Ver gabarito e explicação
Resposta correta: B
O ponto-chave aqui é lembrar que estoque, na data do balanço, não fica automaticamente pelo custo de compra se houver valor realizável líquido menor. Pela regra contábil, o estoque é mensurado pelo menor valor entre o custo e o valor realizável líquido. Em linguagem simples: se o mercado passou a pagar menos, o estoque acompanha o cenário mais conservador. Neste caso, a loja comprou 30 caixas por R$ 20 e ainda pagou frete total de R$ 150. Esse frete entra no custo de aquisição do estoque, porque foi gasto para deixar a mercadoria pronta para venda. Então o custo unitário foi de R$ 25 por caixa, se você diluir o frete pelas 30 unidades.
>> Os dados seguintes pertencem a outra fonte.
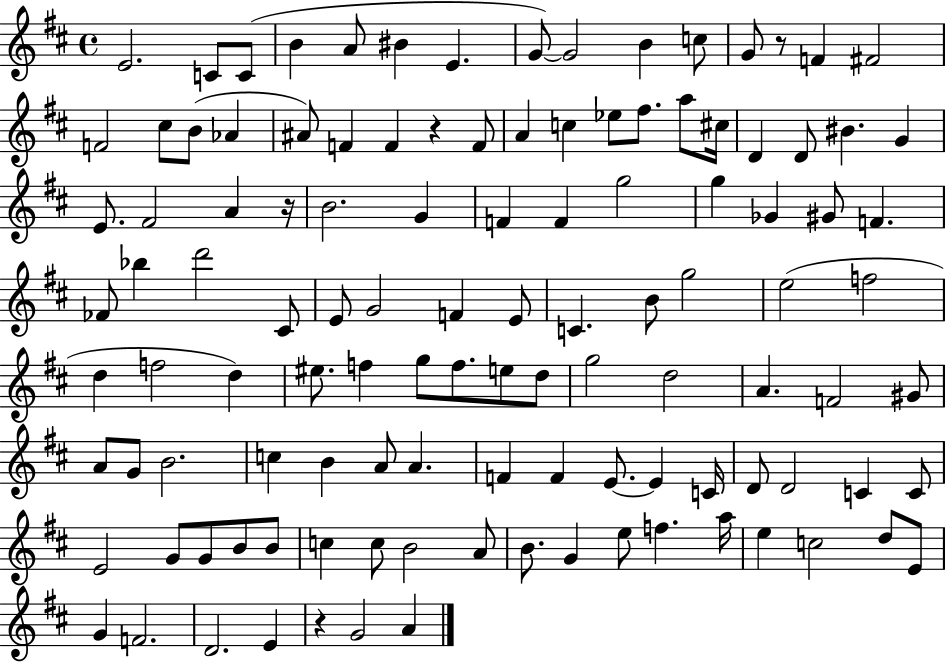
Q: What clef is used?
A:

Ao fim de fevereiro, restavam 5 caixas, porque 10 foram vendidas em janeiro e 15 em fevereiro. Só que, em fevereiro, o enunciado informa que as caixas passaram a ser vendidas por R$ 22. Logo, o valor realizável líquido por caixa ficou em R$ 22, inferior ao custo de R$ 25. Portanto, o estoque final deve ser avaliado em 5 x R$ 22 = R$ 110. É por isso que o gabarito é a letra B. Em prova, a FGV gosta muito dessa combinação: quantidade remanescente + regra do menor valor entre custo e valor realizável líquido. Se você prestar atenção nisso, evita cair na tentação de usar só o custo ou só multiplicar pelo preço de venda sem pensar na lógica contábil.